I've always thought of it about how we can use a galvanic cell to harness electrical energy from a redox reaction (like a copper zinc cell) vs. simply placing a block of zinc in a copper (ii) sulfate solution (we can't harness the electrical energy, you will still get heat energy). Combustion of methanol vs. a methanol fuel cell is another example (heat vs. electrical energy).

Its not necessarily comparing two different reactions, but comparing the same reaction under different conditions/setups.

[OHASI]

Hi,
I'm new so haven't worked well if this is the place to ask.
But I have a general question about IR spectroscopy. My Chem teacher said that the fingerprint region in an IR spectroscopy is unique to each molecule. If that is so, why do we need to analyse IR spectroscopy (-after 1400 cm) and find functional groups?

[sweetcheeks]

Hi,
I'm new so haven't worked well if this is the place to ask.
But I have a general question about IR spectroscopy. My Chem teacher said that the fingerprint region in an IR spectroscopy is unique to each molecule. If that is so, why do we need to analyse IR spectroscopy (-after 1400 cm) and find functional groups?

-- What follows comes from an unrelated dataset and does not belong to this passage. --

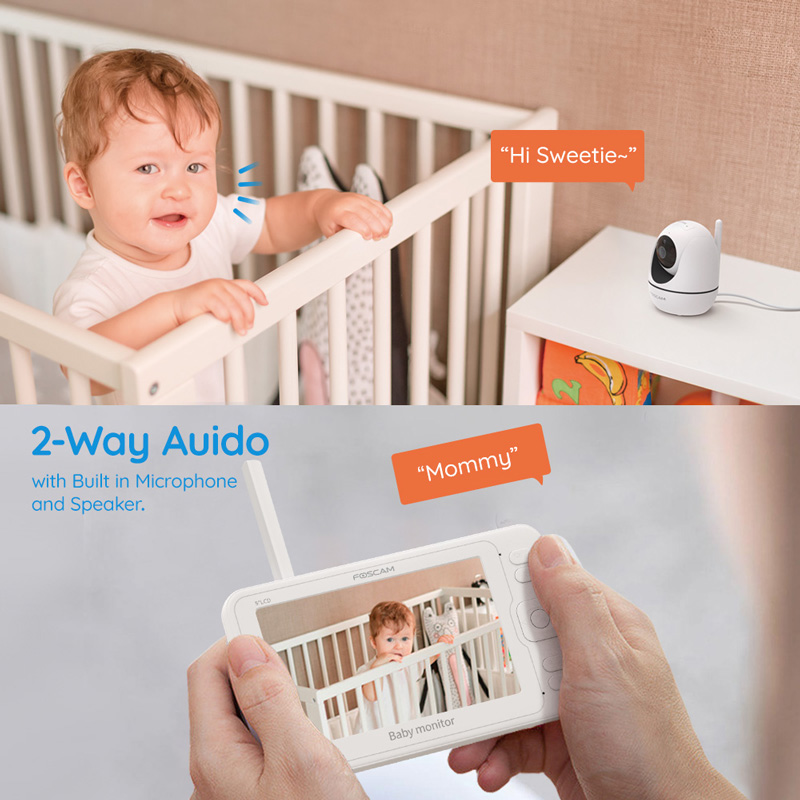 FOSCAM ενδοεπικοινωνία μωρού BM1 με κάμερα & οθόνη 5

The fingerprint region, being unique to a molecule, means that you would readily need to have available all the IR spectrums of the potential molecules (if analysing an unknown). By analysing after 1400 you can quickly identify what the molecule might be and what it might not be by identifying the functional groups. If you had to identify a molecule that could be one of many isomers, it would be extremely time-consuming to pull up all the potential molecules IR spectrums and try to match the fingerprint region (there is also no guarantee that there would be an exact match, unless the same equipment under the same conditions was used for both).

[Mattjbr2]

Hey guys.
I don't understand why butan-2-one has a higher boiling point than methyl ethanoate. It goes against what I've learnt from the textbook.
As you can see from the photo, the only physical difference between them is the part in yellow. In butan-2-one, a methyl group is replaced with an oxygen atom.
But why does this lower the boiling point? Shouldn't this increase the boiling point? Isn't there a hydrogen bond between the oxygen atom and water molecules, resulting in a higher BP?

[VanillaRice]

But why does this lower the boiling point? Shouldn't this increase the boiling point? Isn't there a hydrogen bond between the oxygen atom and water molecules, resulting in a higher BP?

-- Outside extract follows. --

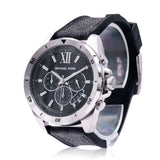 Buy Shop Michael Kors Brecken Chronograph Black Dial Black Leather Strap Watch For Men - MK8850 USA Online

Boiling point is related to the energy required to separate the molecules of that substance (i.e. two methyl ethanoate molecules) from each other, rather than from water molecules. Therefore, if we consider only methyl ethanoate, it cannot form hydrogen bonds with another methyl ethanoate molecule.

Hey guys.
I don't understand why butan-2-one has a higher boiling point than methyl ethanoate. It goes against what I've learnt from the textbook.
As you can see from the photo, the only physical difference between them is the part in yellow. In butan-2-one, a methyl group is replaced with an oxygen atom.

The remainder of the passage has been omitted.